Voici donc les 3 voies qui s’offrent à l’artiste soucieux de coexister tant bien que mal avec une IA générative :
- Sous la machine : Rick Rubin (The Way of Code) ou l’incompétent. Ce producteur de musique a demandé à une IA d’adapter le Tao te king au vibe coding ; mais sans maîtrise technique de son instrument, on devient dépendant des réponses de la machine. Si Chimero a préparé cette présentation, c’est en partie pour ventiler et transcender son exaspération face à cette apologie de l’incompétence.
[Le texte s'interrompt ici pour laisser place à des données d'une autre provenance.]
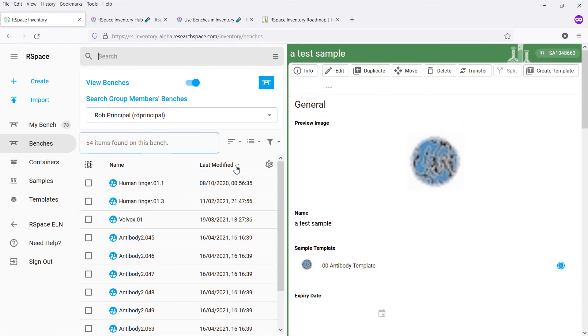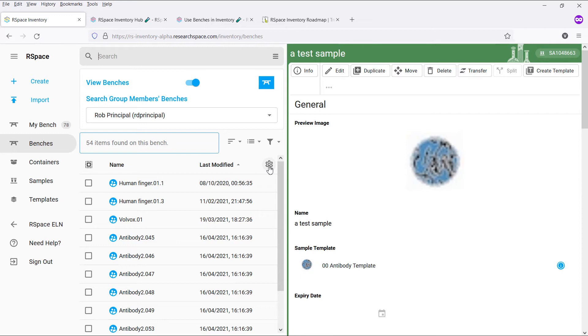The second column will automatically show the property you've selected to sort by. We have also made the second column of the list view customizable.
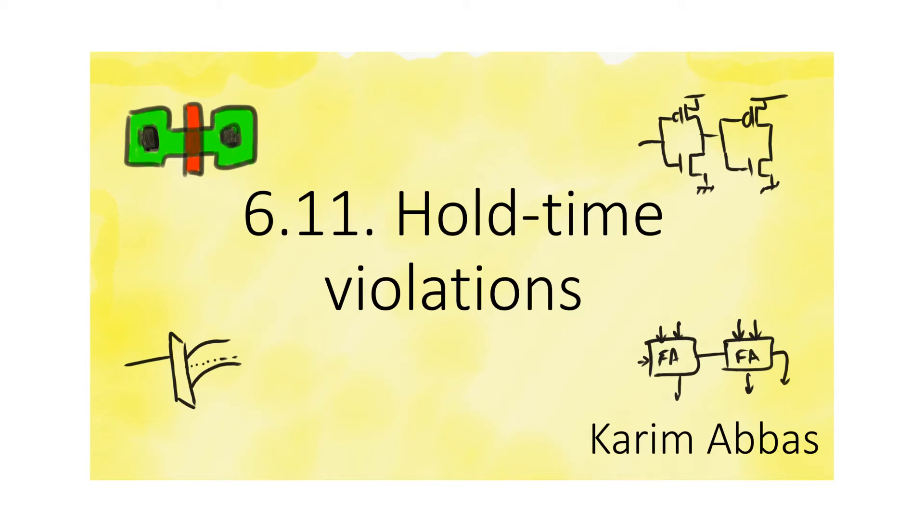Just as there is a setup time violation, there's something called hold time violation. Hold time violations are much easier to solve than setup time violations, but they are harder to understand.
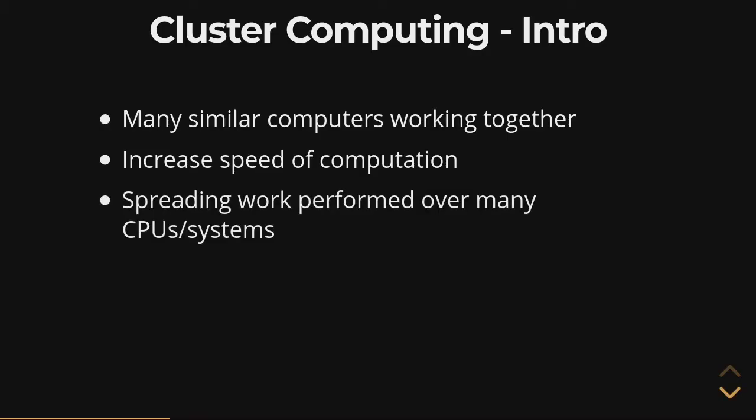This is the fundamental way in which supercomputing platforms, high-performance computing clusters, basically spread out the work across the thousands, potentially, or tens of thousands of CPUs or nodes that they may have available at their disposal.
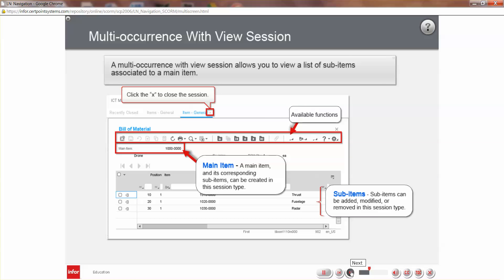A multi-occurrence with view session allows you to view a list of sub-items associated to a main item. Sub-items can be added, modified, or removed in this session. A main item and its corresponding sub-items can also be created in this session type. Available functions in this type of session are identified by the function icons displayed above the record identifier.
- Aux côtés de la machine : Brian Eno ou le cultivateur. L’artiste est moins le sculpteur d’un matériau inerte que le jardinier d’une matière vivante. Il cultive les imperfections de son instrument, qui donnent toute sa texture à l’air qu’il en tire (le grain d’une pellicule par exemple), injecte une bonne dose d’aléa afin de maximiser l’imprévisibilité des réponses et provoquer des erreurs fructueuses, puis il façonne et sélectionne les spécimens les plus intéressants, et recommence. À cet égard, les hallucinations des modèles ne sont pas un bug, mais une caractéristique à amplifier par des amorces ambivalentes ou contradictoires. Considéré comme un ensemble de systèmes qui évoluent selon un jeu de contraintes bien définies, l’art devient génératif.
- Dans la machine : Holly Herndon et Mat Dryhurst, ou le fantôme dans la machine. Au lieu de cultiver les réponses du système afin de les intégrer à sa pratique, on travaille davantage en amont en établissant les règles et paramètres du modèle même, et en sélectionnant les données sur lesquelles il sera entraîné. Cela revient à bâtir autour de soi une machine qui génèrera l’œuvre d’art à sa place. Une procédure.
Je vous laisse lire (ou subjuguer une machine pour qu’elle le fasse à votre place) la transcription de la présentation de Chimero, par ailleurs fort bien mise en page. Vous y découvrirez peut-être une analyse d’un personnage du Voyage de Chihiro, envisagé comme métaphore de l’appétit insatiable de ces modèles et des sociétés qui les développent.